Saeb Aerakat, le chef des «négociateurs» de l'Autorité palestinienne, a, semble-t-il, fait une étrange découverte : les Palestiniens négocient depuis près de vingt ans et sont aujourd'hui «pris au piège d'un processus qui, pour l'instant, n'a rien changé à l'occupation». Cette découverte est intervenue après une résolution de la Chambre des représentants américains condamnant «toute tentative pour établir ou chercher la reconnaissance d'un Etat palestinien en dehors d'un accord négocié».

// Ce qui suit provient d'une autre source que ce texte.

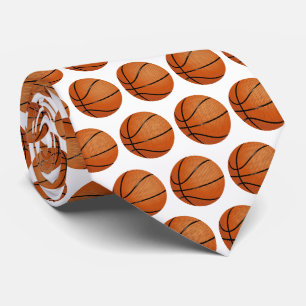 Cravate Motif Basketballs   Cadeaux de sport
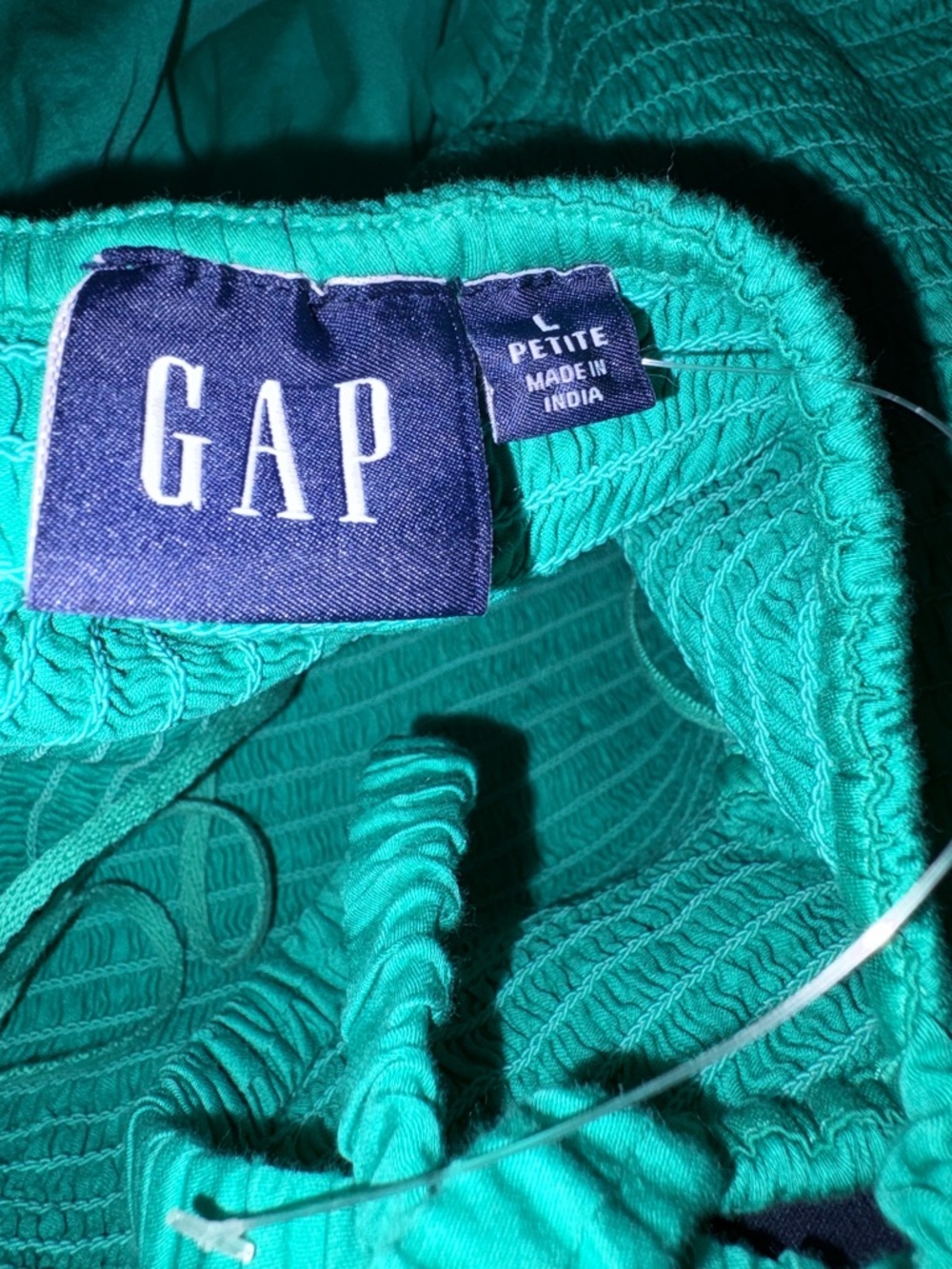 GAP Smocked Handkerchief Hem Midi Dress - Picture 6 of 7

 Saeb Aerekat a-t-il été surpris du vote de la Chambre des représentants américains ? Il ferait encore une fois preuve d'une naïveté incompatible avec son rôle de négociateur. Il devrait plutôt constater qu'il a suffi que quelques Etats latino-américains décident de reconnaître sans attendre un Etat israélien pour que les politiciens américains lancent leurs tirs de barrage.

 Avant la Chambre des représentants, l'administration de Barack Obama - lequel s'est déchargé définitivement du dossier sur la très Aipac Hillary Clinton - a critiqué la décision du Brésil et de l'Argentine de reconnaître un Etat palestinien à l'intérieur des frontières de 1967. La Bolivie de Morales vient de les rejoindre. Ces reconnaissances ne vont pas changer la donne mais elles montrent que même dans les pays lointains, on est exaspéré par l'expansionnisme des Israéliens et la couverture que toutes les administrations américaines lui apportent. Pour masquer sa reddition définitive, Barack Obama, soutenu par l'Europe, a multiplié les déclarations soporifiques sur sa volonté d'aboutir à une solution à deux Etats.

 Au vu de ce qui se passe, M. Aerekat va devoir encore courir derrière des chimères pendant vingt autres années. Le temps apparemment pour Israël de décréter, avec l'aval des Américains, qu'il n'y a plus de place pour un Etat palestinien. Les Palestiniens, qu'ils soient du Fatah ou non, le savent très bien. Ils doivent sortir de ce que Saeb Aerekat a fini par reconnaître comme étant un «piège».

 Ont-ils le courage, eux qui sont «installés» dans la négociation, de se remettre en cause? Israël et les Américains parient que les responsables de l'Autorité palestinienne et ceux qui en profitent plus ou moins n'auront pas le courage de le faire. Et qu'il n'y aura ni dissolution de l'Autorité palestinienne, ni arrêt de la coopération sécuritaire avec Israël contre les résistants. C'est bien cela l'enjeu.

 L'Autorité palestinienne, si méprisée à Washington et à Tel-Aviv, est un outil utile pour créer de la fiction. Sa disparition y mettrait fin. On peut parier que les Américains et les Européens utiliseront tous les moyens de persuasion et de chantage pour que cette Autorité continue dans cette comédie.

 Il ne fait guère de doute que les responsables de l'Autorité palestinienne n'auront pas la capacité de s'extirper de ce piège sans un sursaut des Etats arabes. Les pays latino-américains viennent ? d'où la colère des responsables américains ? de fixer la ligne minimale : l'Etat palestinien dans les frontières de 1967. C'est, officiellement du moins, la ligne des Etats de la Ligue arabe.

 Mais il ne suffit pas de lancer un «plan de paix» et de dormir sur ses lauriers. Ces Etats doivent s'émanciper des agendas américains. Ils peuvent simplement signifier qu'ils ne participeront jamais à assiéger l'Iran et encore moins à lui faire la guerre. L'Iran peut devenir un atout pour les Palestiniens. Ils doivent très clairement signifier à l'administration américaine et au monde qu'ils n'encourageront pas le maintien d'une Autorité palestinienne fictive pour faire accroire au mensonge de la négociation. Ce sera un début. Les responsables palestiniens, qui se sentent «pris au piège», pourront trouver une issue dans ce début de fermeté.

 Mais pour y parvenir, les responsables des Etats de la Ligue arabe doivent devenir aussi libres qu'Evo Morales ou Lula da Silva.